Se chauffer par le Léman

Ce lac, quelle énergie!

(Source: Site internet du journal "24 heures" du 16.1.2015)

Ressource locale Le Léman, comme le Rhône, est de plus en plus exploité pour le chauffage et la climatisation.

 Image: I. Caudullo / Texte: A. Grosjean / Source: SIG

Par Antoine Grosjean  Mis à jour à 08h00  16.01.2015

Se chauffer avec le Léman

Les villes du bord du Léman ont une manne énergétique qui s’écoule en permanence à leurs pieds. C’est une ressource locale, abondante, propre et renouvelable, et qui plus est disponible en toute saison et quelles que soient les conditions météorologiques. Des avantages indéniables en ces temps de transition énergétique. Cette manne, c’est l’eau du lac Léman et, pour Genève, celle du Rhône, qui peut servir aussi bien pour se chauffer en hiver que pour la climatisation en été.

La technique n’est pas vraiment nouvelle. Par exemple, l’EPFL s’en sert depuis 1985 pour chauffer son site d’Ecublens. Depuis 2004, la ville de Toronto, au Canada, climatise tout son centre-ville avec l’eau du lac Ontario. A Genève, on exploite depuis 2009 le Léman pour chauffer ou refroidir de nombreux bâtiments dans le périmètre de l’ONU et des organisations internationales, ainsi qu’à Versoix. Et cette technique va continuer à se développer ces prochaines années dans le canton.

 

Un principe simple

Comment cela fonctionne-t-il? A partir d’une certaine profondeur, la température de l’eau du lac est stable toute l’année. Si on la pompe à plus de 40 mètres de fond, elle oscille entre 5 et 10 degrés.
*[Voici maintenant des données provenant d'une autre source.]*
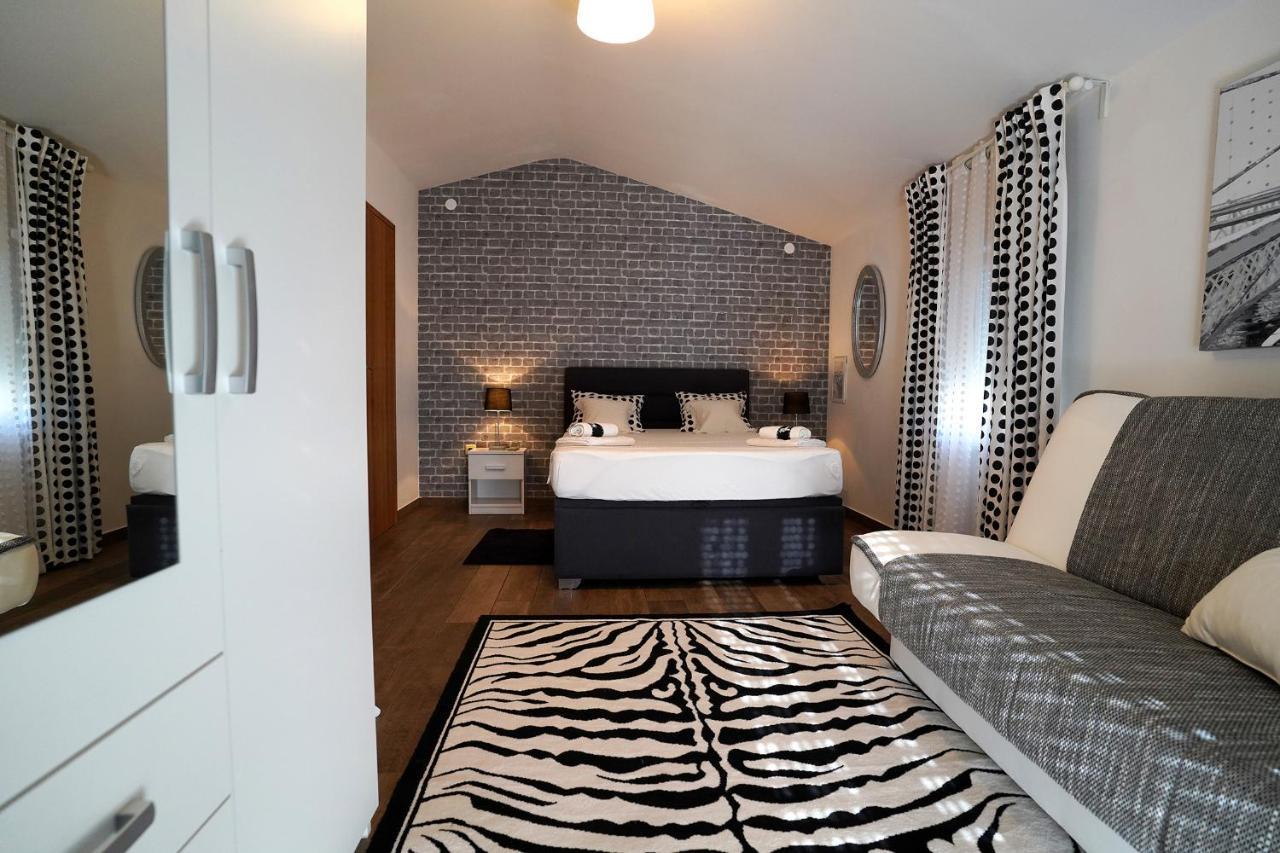 Villa Tago With Heated New Pool Kastela Luaran gambar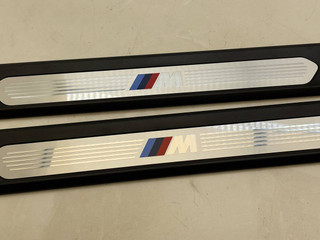накладка на порог внутренняя BMW X3 G01 2019, 2.0 л., B48 B20 B, бензин, АКПП, внедорожник 5 дв., полный привод, правый руль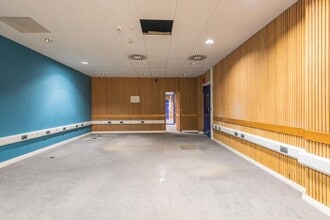 Parc Ty Glas, Cardiff for lease Interior Photo- Image 1 of 2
Pour rafraîchir des bâtiments, il suffit de la faire circuler dans un échangeur thermique connecté à un réseau alimentant les climatiseurs. A la fin du processus, l’eau est rejetée dans le fleuve ou le lac. Cela permet de se passer des gaz frigorigènes, qui contribuent à l’effet de serre. De plus, cela consomme cinq fois moins d’électricité que les systèmes de climatisation classiques.
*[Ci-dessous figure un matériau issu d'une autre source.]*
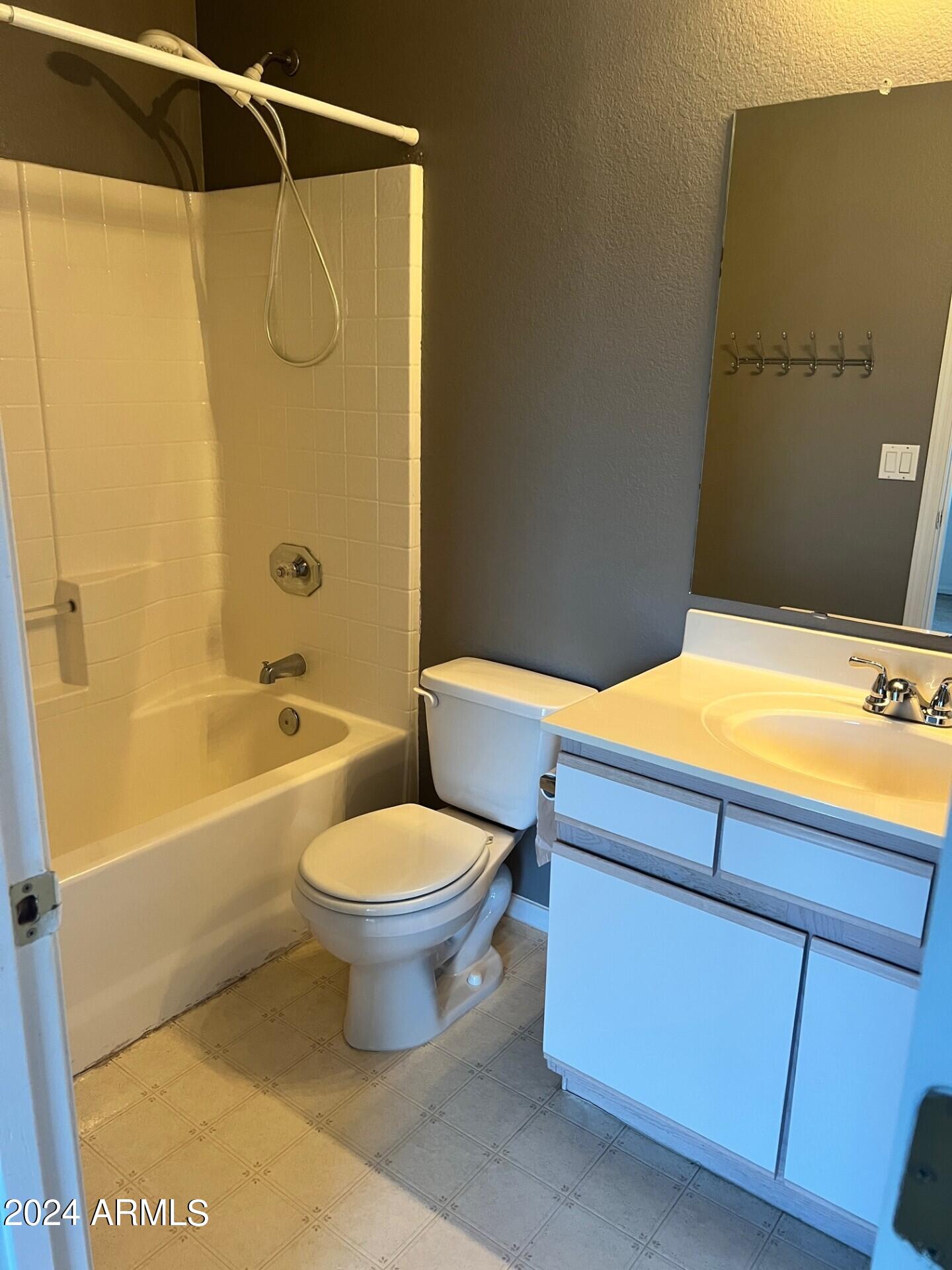 Properties 4 1961 N HARTFORD Street 1101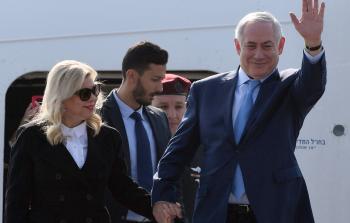 نتنياهو وزوجته لدى وصولهما للهند (أ ف ب)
Pour le chauffage, le principe est le même, sauf qu’au lieu de transiter par un échangeur thermique, l’eau du lac passe par une pompe à chaleur qui augmente sa température au niveau nécessaire pour les radiateurs. Cela exige davantage d’électricité que pour produire du froid, mais ça reste nettement moins gourmand et plus propre (jusqu’à 90% de CO2 en moins) que de se chauffer aux énergies fossiles, surtout si l’électricité utilisée est d’origine renouvelable. Le Rhône est aussi exploitable, même si la température de son eau varie plus que celle du lac et offre donc un potentiel un peu moins grand.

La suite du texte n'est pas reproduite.